这是RegEx,用于匹配Excel公式中的任何单元格引用? [英] Is this the RegEx for matching any cell reference in an Excel formula?

查看:126
本文介绍了这是RegEx,用于匹配Excel公式中的任何单元格引用?的处理方法,对大家解决问题具有一定的参考价值,需要的朋友们下面随着小编来一起学习吧!

问题描述

我一直在尝试创建一个正则表达式模式,匹配任何Excel公式中的任何引用,包括绝对,相对和外部引用。我需要返回整个引用,包括工作表和工作簿名称。

I have been trying to create a regular expressions pattern that matches any reference in any Excel formula, including absolute, relative, and external references. I need to return the entire reference, including the worksheet and workbook name.

我无法找到关于Excel A1表示法的详尽文档,但有很多的测试我确定了以下内容:

I haven't been able to find exhaustive documentation about Excel A1-notation, but with a lot of testing I have determined the following:


  • 公式前面加上等号=

  • = A1&A1将会破坏正则表达式
    工作表名称最多可包含31个字符,不包括\ /? * []:
  • 外部引用中的工作表名称必须成功与bang = Sheet1!A1

  • 外部引用中的工作簿名称必须括在方括号 = [Book1.xlsx] Sheet1!A1

  • 工作簿路径,如果引用是在一个封闭的工作簿中的一个范围,Excel将添加,它们始终以单引号括起来,并在工作簿名称'C:\ [Book1.xlsx] Sheet1' !A1

  • 某些字符(例如,不间断的空格)会导致Excel将工作簿和工作表名称以单引号括起来, >但我不知道哪些角色 ='[Book 1.xlsx] Sheet 1'!A1

  • 即使启用了R1C1表示法, Range.Formula 仍然以A1表示法返回引用。 Range.FormulaR1C1 返回R1C1表示法中的引用。
  • 3D参考样式允许在一个工作簿上的工作表名称范围 = SUM([Book5] Sheet1:Sheet3!A1)

  • 可以在公式中指定命名范围:


    • 名称的第一个字符必须是字母,下划线字符(_)或一个反斜杠(\)。名称中的剩余字符可以是字母,数字,句点和下划线字符。

    • 您不能使用大写和小写字符C,c,R或 r作为定义的名称,因为当您在名称或转到文本框中输入时,它们都用作选择当前所选单元格的行或列的缩写。

    • 名称不能与单元格引用相同,例如Z $ 100或R1C1。

    • 不允许空格作为名称的一部分。

    • A名称最多可以包含255个字符。

    • 名称可以包含大写和小写字母。 Excel不区分名称中的大小写字符。

    • Formulas are preceded with an equal sign "="
    • Strings within formulas are enclosed in double quotes and need to be removed before looking for real references, otherwise =A1&"A1" would break regex
    • Worksheet names can be up to 31 characters long, excluding \ / ? * [ ] :
    • Worksheet names in external references must be succeeded with bang =Sheet1!A1
    • Workbook names in external references must be enclosed in square brackets =[Book1.xlsx]Sheet1!A1
    • Workbook paths, which Excel adds if a reference is to a range in a closed workbook, are always enclosed in single quotes and to the left of the brackets for the workbook name 'C:\[Book1.xlsx]Sheet1'!A1
    • Some characters (non-breaking space, for example) cause Excel to enclose the workbook and worksheet name in an external reference in single quotes, but I don't know specifically which characters ='[Book 1.xlsx]Sheet 1'!A1
    • Even if R1C1-notation is enabled, Range.Formula still returns references in A1-notation. Range.FormulaR1C1 returns references in R1C1 notation.
    • 3D reference style allows a range of sheet names on one workbook =SUM([Book5]Sheet1:Sheet3!A1)
    • Named ranges can be specified in formulas:
      • The first character of a name must be a letter, an underscore character (_), or a backslash (\).

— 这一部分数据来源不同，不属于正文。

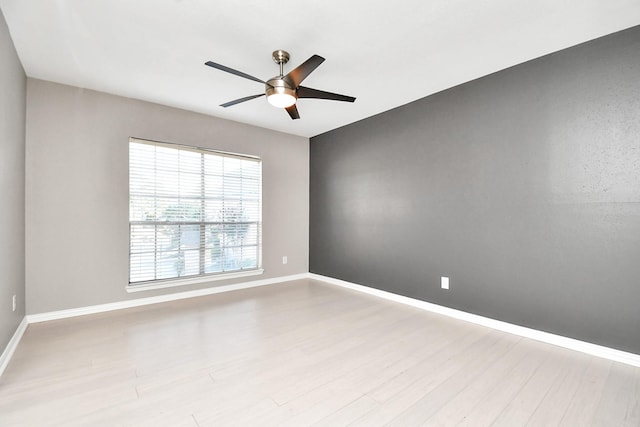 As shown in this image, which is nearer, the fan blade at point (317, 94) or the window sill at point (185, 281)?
the fan blade at point (317, 94)

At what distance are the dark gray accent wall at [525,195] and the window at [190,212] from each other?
6.37ft

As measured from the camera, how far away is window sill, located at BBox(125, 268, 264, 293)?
3.40 meters

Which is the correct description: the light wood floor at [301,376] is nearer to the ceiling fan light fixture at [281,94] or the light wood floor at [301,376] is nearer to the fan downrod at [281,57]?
the ceiling fan light fixture at [281,94]

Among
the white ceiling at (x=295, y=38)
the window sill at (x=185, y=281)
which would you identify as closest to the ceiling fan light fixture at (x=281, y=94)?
the white ceiling at (x=295, y=38)

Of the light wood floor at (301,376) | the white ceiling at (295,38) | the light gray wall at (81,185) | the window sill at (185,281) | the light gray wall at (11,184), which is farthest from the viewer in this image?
the window sill at (185,281)

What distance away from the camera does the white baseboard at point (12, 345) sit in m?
2.01

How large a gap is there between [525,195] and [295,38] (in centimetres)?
248

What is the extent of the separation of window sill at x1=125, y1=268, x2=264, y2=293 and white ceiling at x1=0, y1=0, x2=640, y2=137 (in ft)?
7.61

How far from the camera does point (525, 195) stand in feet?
8.54

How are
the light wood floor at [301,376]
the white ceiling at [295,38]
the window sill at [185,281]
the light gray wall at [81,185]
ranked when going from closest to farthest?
the light wood floor at [301,376] < the white ceiling at [295,38] < the light gray wall at [81,185] < the window sill at [185,281]

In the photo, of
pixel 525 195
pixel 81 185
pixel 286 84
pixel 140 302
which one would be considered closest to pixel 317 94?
pixel 286 84

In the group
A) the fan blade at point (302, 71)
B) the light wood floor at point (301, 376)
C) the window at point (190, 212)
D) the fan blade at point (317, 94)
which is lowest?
the light wood floor at point (301, 376)

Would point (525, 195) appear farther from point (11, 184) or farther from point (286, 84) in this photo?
point (11, 184)

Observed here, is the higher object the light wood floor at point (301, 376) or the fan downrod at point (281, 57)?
the fan downrod at point (281, 57) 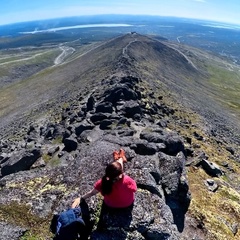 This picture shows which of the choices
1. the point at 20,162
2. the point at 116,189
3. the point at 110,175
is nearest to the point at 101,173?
the point at 116,189

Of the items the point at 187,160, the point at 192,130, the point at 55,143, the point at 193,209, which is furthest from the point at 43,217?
the point at 192,130

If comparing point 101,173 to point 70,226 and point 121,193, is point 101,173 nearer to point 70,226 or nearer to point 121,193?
point 121,193

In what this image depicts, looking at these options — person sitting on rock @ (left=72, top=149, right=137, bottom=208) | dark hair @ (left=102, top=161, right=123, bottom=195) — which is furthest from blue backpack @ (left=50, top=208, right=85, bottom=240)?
dark hair @ (left=102, top=161, right=123, bottom=195)

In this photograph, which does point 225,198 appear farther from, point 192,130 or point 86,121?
point 192,130

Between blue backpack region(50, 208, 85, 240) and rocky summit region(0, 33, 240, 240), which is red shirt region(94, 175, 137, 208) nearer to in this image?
rocky summit region(0, 33, 240, 240)

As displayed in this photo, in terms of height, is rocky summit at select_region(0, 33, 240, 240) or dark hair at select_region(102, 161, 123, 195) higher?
dark hair at select_region(102, 161, 123, 195)

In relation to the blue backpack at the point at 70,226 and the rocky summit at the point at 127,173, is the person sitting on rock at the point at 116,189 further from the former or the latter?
the blue backpack at the point at 70,226

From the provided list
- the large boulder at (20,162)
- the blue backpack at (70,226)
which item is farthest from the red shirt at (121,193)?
the large boulder at (20,162) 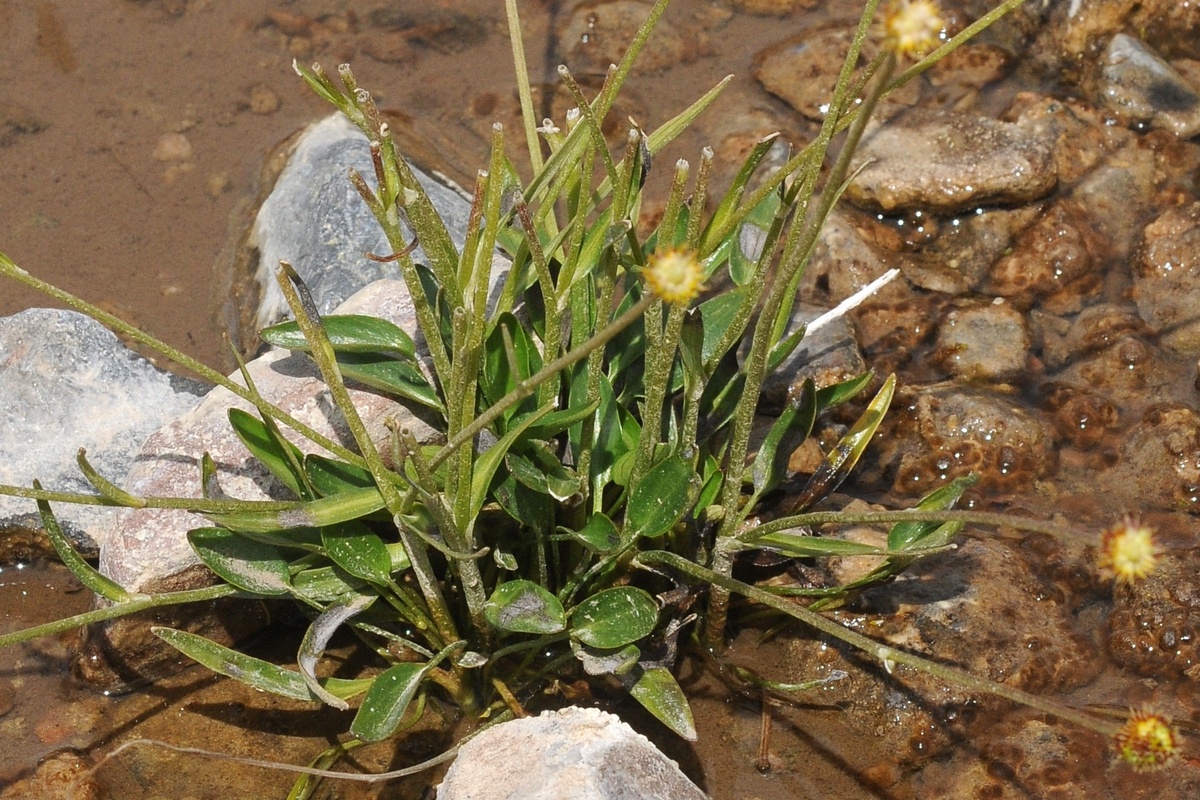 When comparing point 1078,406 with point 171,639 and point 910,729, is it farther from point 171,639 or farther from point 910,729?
point 171,639

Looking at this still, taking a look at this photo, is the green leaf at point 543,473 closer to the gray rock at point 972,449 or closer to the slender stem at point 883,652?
the slender stem at point 883,652

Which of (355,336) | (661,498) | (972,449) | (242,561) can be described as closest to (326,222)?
(355,336)

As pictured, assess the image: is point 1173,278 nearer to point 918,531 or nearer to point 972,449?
point 972,449

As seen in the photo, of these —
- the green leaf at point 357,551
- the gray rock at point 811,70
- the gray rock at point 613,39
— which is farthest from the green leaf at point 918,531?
the gray rock at point 613,39

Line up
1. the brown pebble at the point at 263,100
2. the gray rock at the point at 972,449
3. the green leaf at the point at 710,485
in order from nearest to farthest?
the green leaf at the point at 710,485, the gray rock at the point at 972,449, the brown pebble at the point at 263,100

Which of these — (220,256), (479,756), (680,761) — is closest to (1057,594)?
(680,761)

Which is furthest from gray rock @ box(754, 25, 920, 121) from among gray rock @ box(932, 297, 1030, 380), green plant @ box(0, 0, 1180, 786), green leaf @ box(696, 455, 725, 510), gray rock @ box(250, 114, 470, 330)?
green leaf @ box(696, 455, 725, 510) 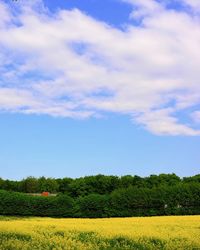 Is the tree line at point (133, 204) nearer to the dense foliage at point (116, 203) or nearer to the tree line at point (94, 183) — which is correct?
the dense foliage at point (116, 203)

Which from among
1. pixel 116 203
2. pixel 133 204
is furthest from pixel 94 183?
pixel 116 203

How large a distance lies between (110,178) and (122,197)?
4004cm

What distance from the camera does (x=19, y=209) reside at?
7250cm

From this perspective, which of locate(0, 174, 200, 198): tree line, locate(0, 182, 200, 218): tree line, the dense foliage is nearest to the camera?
locate(0, 182, 200, 218): tree line

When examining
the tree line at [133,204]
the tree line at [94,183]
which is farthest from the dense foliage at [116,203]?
the tree line at [94,183]

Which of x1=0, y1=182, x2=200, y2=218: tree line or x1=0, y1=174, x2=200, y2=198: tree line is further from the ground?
x1=0, y1=174, x2=200, y2=198: tree line

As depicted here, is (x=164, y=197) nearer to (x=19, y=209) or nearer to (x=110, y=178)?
(x=19, y=209)

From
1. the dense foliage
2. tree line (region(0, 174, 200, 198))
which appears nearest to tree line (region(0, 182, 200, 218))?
the dense foliage

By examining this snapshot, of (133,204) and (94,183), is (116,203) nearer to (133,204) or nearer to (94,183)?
(133,204)

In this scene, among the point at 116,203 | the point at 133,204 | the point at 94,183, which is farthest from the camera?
the point at 94,183

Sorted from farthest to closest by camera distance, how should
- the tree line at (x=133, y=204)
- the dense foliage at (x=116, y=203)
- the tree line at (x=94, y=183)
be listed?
the tree line at (x=94, y=183) → the dense foliage at (x=116, y=203) → the tree line at (x=133, y=204)

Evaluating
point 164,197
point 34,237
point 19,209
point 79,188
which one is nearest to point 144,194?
point 164,197

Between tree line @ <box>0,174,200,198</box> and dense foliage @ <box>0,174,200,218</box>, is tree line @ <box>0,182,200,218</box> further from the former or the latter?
tree line @ <box>0,174,200,198</box>

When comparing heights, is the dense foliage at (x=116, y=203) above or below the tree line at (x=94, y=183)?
below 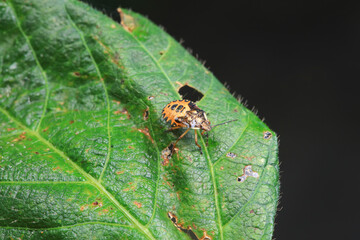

Remaining characters in the name can be letters, numbers, periods, and underscore characters.
      • You cannot use the uppercase and lowercase characters "C", "c", "R", or "r" as a defined name, because they are all used as a shorthand for selecting a row or column for the currently selected cell when you enter them in a Name or Go To text box.
      • Names cannot be the same as a cell reference, such as Z$100 or R1C1.
      • Spaces are not allowed as part of a name.
      • A name can be up to 255 characters in length.
      • Names can contain uppercase and lowercase letters. Excel does not distinguish between uppercase and lowercase characters in names.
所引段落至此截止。